WHAT YOU NEED TO DO — From the line with "Older woman posing with flowering tree View" through the line with "Groups of runners racing through Sugar Land", inclusive, return each line of the data below exactly and leave the rest out.

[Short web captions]
--
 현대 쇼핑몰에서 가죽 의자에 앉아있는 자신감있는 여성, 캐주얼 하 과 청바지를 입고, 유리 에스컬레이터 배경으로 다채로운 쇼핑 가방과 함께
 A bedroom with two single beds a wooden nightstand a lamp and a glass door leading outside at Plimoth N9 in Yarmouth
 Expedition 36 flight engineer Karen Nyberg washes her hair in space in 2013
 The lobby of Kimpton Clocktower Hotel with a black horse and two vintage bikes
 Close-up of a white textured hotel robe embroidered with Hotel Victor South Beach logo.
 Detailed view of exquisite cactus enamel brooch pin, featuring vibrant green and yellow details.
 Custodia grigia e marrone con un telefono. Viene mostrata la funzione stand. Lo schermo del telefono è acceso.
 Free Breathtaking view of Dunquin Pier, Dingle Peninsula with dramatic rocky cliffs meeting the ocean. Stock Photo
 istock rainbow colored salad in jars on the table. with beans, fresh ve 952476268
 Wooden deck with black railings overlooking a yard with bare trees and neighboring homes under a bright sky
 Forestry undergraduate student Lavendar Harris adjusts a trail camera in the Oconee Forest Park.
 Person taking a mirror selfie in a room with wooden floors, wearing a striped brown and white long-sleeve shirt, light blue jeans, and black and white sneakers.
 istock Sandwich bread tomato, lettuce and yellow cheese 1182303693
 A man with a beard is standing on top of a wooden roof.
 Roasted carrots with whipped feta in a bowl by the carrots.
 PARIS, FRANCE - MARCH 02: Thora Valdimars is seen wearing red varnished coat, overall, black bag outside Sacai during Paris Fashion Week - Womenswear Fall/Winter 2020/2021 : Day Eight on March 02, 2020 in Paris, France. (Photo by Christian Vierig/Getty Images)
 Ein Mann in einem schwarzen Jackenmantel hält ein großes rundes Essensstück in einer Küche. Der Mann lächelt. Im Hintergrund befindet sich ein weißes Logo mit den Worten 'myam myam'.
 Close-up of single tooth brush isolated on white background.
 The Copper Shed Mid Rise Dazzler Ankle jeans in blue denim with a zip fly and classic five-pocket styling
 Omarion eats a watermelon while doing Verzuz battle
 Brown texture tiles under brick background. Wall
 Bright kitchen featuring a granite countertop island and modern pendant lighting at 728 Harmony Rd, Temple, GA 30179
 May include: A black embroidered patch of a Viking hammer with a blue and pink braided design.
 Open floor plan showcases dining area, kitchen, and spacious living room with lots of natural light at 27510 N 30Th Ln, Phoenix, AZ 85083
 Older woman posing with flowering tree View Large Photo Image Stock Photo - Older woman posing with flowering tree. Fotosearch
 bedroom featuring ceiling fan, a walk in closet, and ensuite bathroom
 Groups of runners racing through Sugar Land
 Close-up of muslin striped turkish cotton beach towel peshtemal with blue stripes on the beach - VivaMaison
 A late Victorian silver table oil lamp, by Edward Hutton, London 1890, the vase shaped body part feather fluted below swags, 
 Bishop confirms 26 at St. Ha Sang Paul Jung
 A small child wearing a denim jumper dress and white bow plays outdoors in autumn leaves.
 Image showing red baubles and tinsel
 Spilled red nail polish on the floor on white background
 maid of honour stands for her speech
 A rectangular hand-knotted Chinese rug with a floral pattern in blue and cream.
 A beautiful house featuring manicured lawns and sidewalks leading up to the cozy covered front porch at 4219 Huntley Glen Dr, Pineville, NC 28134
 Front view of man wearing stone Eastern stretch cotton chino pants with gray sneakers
--
WRITTEN SOLUTION —
 Older woman posing with flowering tree View Large Photo Image Stock Photo - Older woman posing with flowering tree. Fotosearch
 bedroom featuring ceiling fan, a walk in closet, and ensuite bathroom
 Groups of runners racing through Sugar Land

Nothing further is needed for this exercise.